A February afternoon in Lahore: rooftops packed, kites tugging against the wind, yellow ribbons in bazaars, and a city that looks like it is doing business with a smile. Basant, at its core, is not just a cultural moment; it is a temporary economic machine– one that compresses months of demand into a few days and pulls a wide range of work into motion.
Economists have a simple way to describe why festivals matter: linkages. In one line, linkages mean an activity pulls suppliers behind it and pushes business ahead of it. A festival is a demand shock with a deadline. That deadline forces households and firms to spend now, stock now, hire now, travel now. In a city like Lahore– dense, service-heavy, and highly informal– the impact shows up quickly in cash flow, daily wages, and sales volumes.

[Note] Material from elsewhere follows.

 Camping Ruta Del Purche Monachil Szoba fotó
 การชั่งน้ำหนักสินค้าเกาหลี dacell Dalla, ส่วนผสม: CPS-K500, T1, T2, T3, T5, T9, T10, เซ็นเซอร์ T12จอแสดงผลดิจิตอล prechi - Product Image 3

Start with the backward linkages: the supply chain that exists because Basant exists. Kite-making is not “one product”; it is paper, bamboo/cane, thread, glue, dyes/inks, printing, packaging, transport, and the small workshops that assemble it all. Then come supporting inputs: food and catering supplies for gatherings, water and soft drinks, disposable plates, charcoal, gas refills, lighting, sound systems, small rental furniture, and tailoring for festival-themed clothing. Because much of this sits in the informal economy, it is easy to undercount. When demand spikes, many informal businesses expand hours rather than capacity– meaning the economic effect appears as overtime, extra shifts, and short-term hiring.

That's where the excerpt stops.